The FTC chief also said the agency is working with the credit bureaus to further streamline the process of reporting fraud. She declined to be specific about what that might entail, but the new and improved identitytheft.gov site is still far from automated. For example, the “recovery plan” produced when consumers file a report merely lists the phone numbers and includes Web site links for the major credit bureaus that consumers can use to place fraud alerts or file a security freeze.
Nevertheless, I was encouraged to see the FTC urging consumers to request a security freeze on their credit file, even if this was the last option listed on the recovery plan that I was issued and the agency’s site appears to do little to help consumers actually file security freezes.
I’m also glad to see the Commission’s site employ multi-factor authentication for consumers who wish to receive a recovery plan in addition to filing an ID theft report with the FTC. Those who request a plan are asked to provide an email address, pick a complex password, and input a one-time code that is sent via text message or automated phone call.
ALERTS VS. FREEZES
Many people do not understand the difference in protection between a fraud alert and a credit freeze. A fraud alert is free, lasts for 90 days, and is supposed to require potential creditors to contact you and obtain your permission before opening new lines of credit in your name. Applicants merely need to file a fraud alert (also called a “security alert”) with one of the credit bureaus (Equifax, Experian or Trans Union). Whichever one you file with is required by law to alert the other two bureaus as well.
There is actually a fourth credit bureau that you should alert: Innovis. This bureau follows the same rules as the big three, and you may file a fraud alert with them at this link.
Although fraud alerts only last 90 days, you may renew them as often as you like (a recurring calendar entry can help with this task). Consumers who can demonstrate that they are victims or are likely to be victims of identity theft can apply for a long-term, “extended fraud alert” that lasts up to 7 years (a police report and other documentation may be required).
The problem with fraud alerts is that creditors are encouraged but not required to check for them. The only step that will stop fraudsters from being granted new lines of credit in your name is the security freeze. For more information on what’s involved in obtaining a security freeze and why it beats a fraud alert and/or credit monitoring services, see How I Learned to Stop Worrying and Embrace the Security Freeze. Parents or guardians who are interested in freezing the credit files of their kids or dependents should check out last week’s story, The Lowdown on Freezing Your Kid’s Credit.
TAX REFUND FRAUD
Tax refund fraud occurs when criminals use your personal information and file a tax refund request with the IRS in your name. Victims usually first learn of the crime after having their returns rejected because scammers beat them to it. As I wrote in my recent column, Don’t Be a Victim of Tax Refund Fraud in 2016, even those who are not required to file a return can be victims of refund fraud, as can those who are not actually due a refund from the IRS.

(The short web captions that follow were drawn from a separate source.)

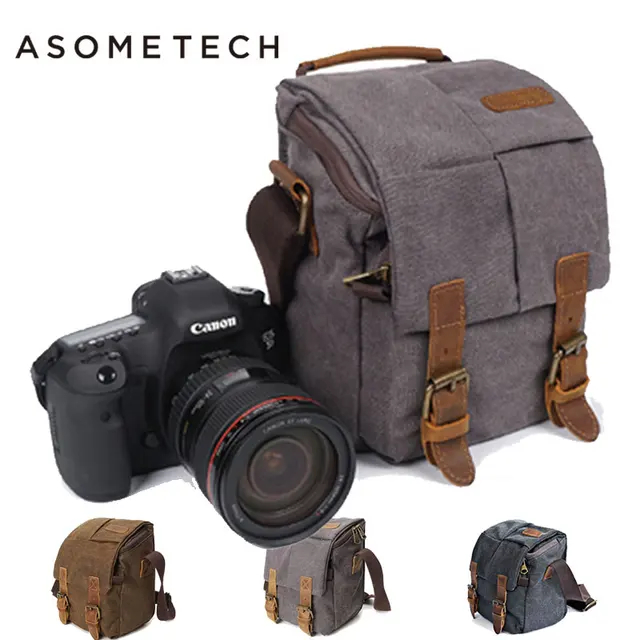Cheap Fashion DSLR Canvas Camera Bag Shoulder Lens Pouch Photographic Photo video bags Travel Backpack For Sony Canon Nikon Olympus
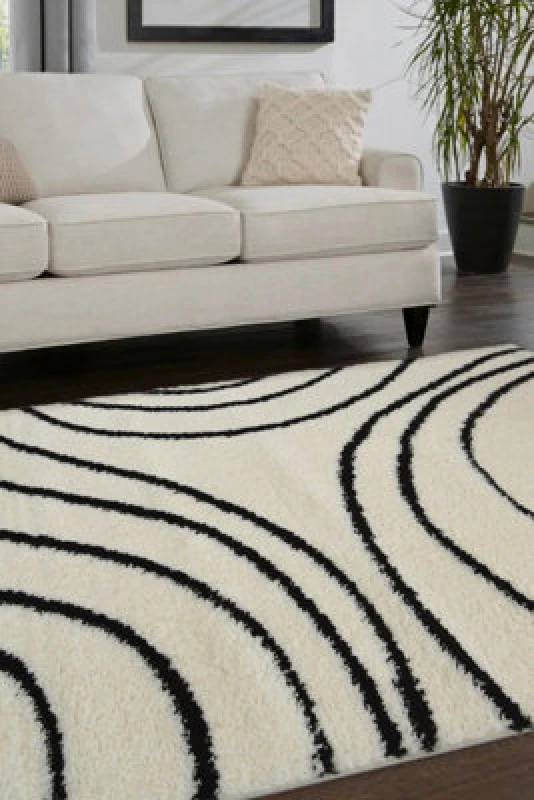 Image of Melrose Shaggy Iso Ivory Patterned Black Wave Lines Indoor Large Area Rug 160/230Cm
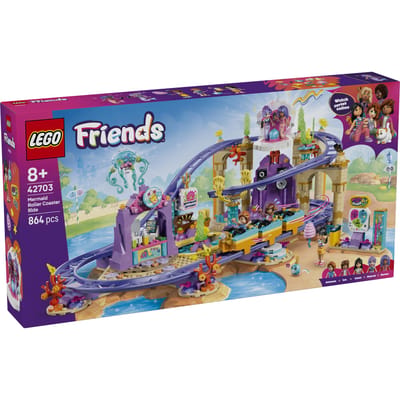LEGO Friends LEGO® FRIENDS 42703 Meerjungwomen achtbaan; rollenspelset met 5 spelfiguren, bubble Tea stand, schelp podium en zwembad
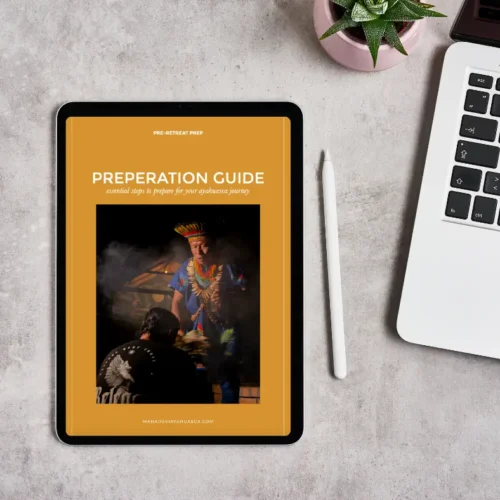 Digital preparation guide displayed on a tablet for participants attending an ayahuasca retreat in Colombia.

Your best defense against tax refund fraud? File your taxes as soon as possible. Unfortunately, many companies are only now starting the process of mailing out W2 forms that taxpayers need to complete their filings, while fraudsters are already at work. Also, if you use online tax preparation services, please pick a strong password and do not use a password that you also use at another site or service.
If you go to file your taxes this year and receive a rejection notice stating that your return has already been filed, have a look at my primer, What Tax Fraud Victims Can Do. Oh, and consider filing an identity theft report at IdentityTheft.gov.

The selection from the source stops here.